- [TASK GOAL]: Everything from the line containing "vidaXL 5 Piece" through the last line of the listing below should be returned exactly, except for pictures.

- [DATA TO PROCESS]:

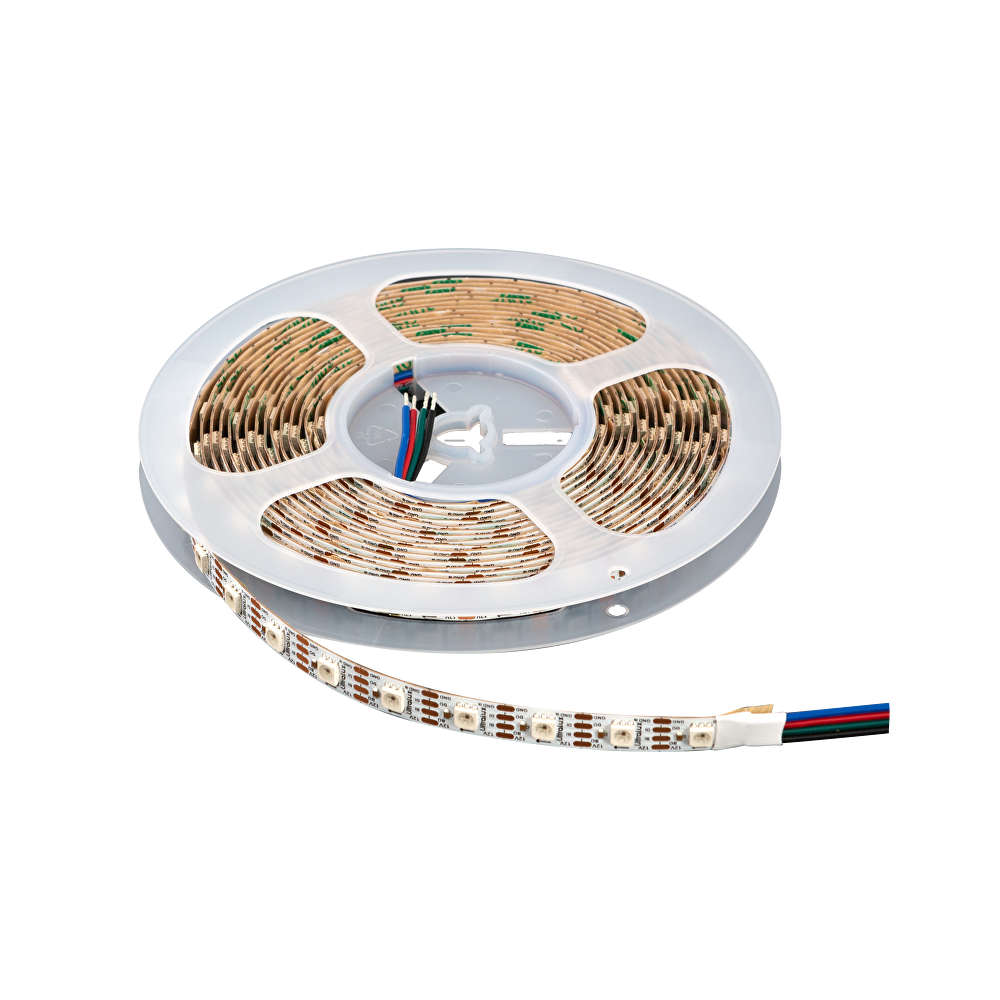 ДИГИТАЛНА RGB LED ЛЕНТА, 25.8W/M (0,43W/PIXEL), IC WS2815B, 12V DC, 60 PIXELS/M (60 LED/M), IP20, 5M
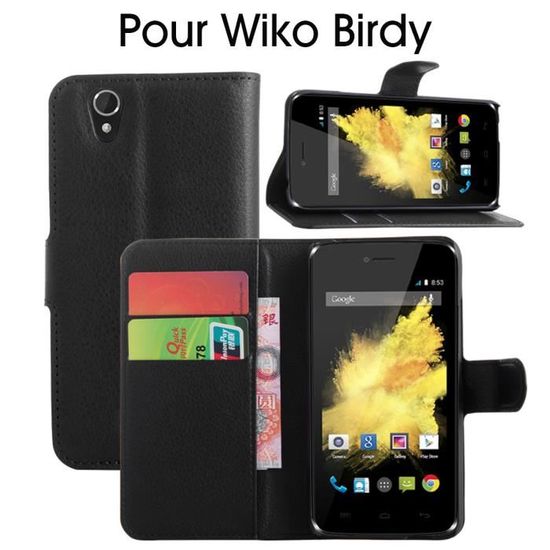 Étui Portefeuille Pour Wiko Power U10 Avec écouteurs - Housse Rabat Protection, Similicuir Marron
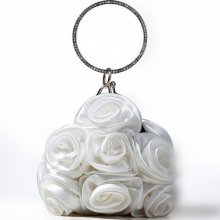 Women White Rosette Satin Bridal Wedding Evening Party Wristlet Clutch Purse Bag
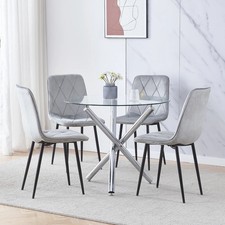  5Pcs Round Dining Table and Chairs Set 4 for Dining Room, Glass Dining Table wi
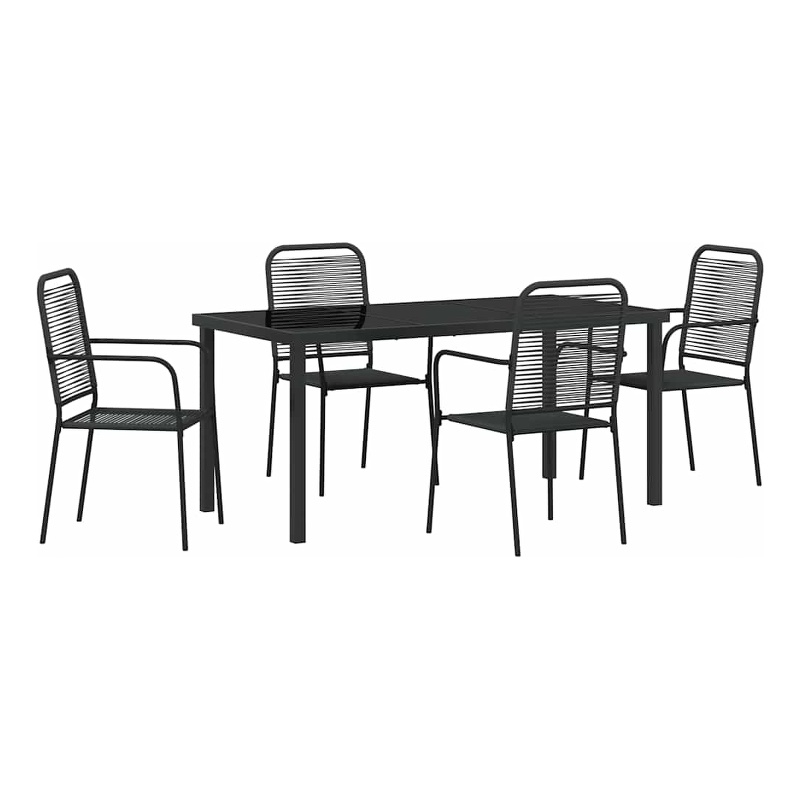 vidaXL 5 Piece Powder-Coated Steel Garden Dining Set in Black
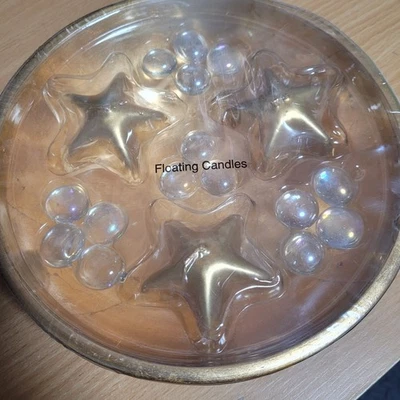 Juego de velas estrella doradas flotantes con joyas y cuenco NUEVO Foto 1 de 4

- [SOLUTION BELOW]:
 vidaXL 5 Piece Powder-Coated Steel Garden Dining Set in Black
 Juego de velas estrella doradas flotantes con joyas y cuenco NUEVO Foto 1 de 4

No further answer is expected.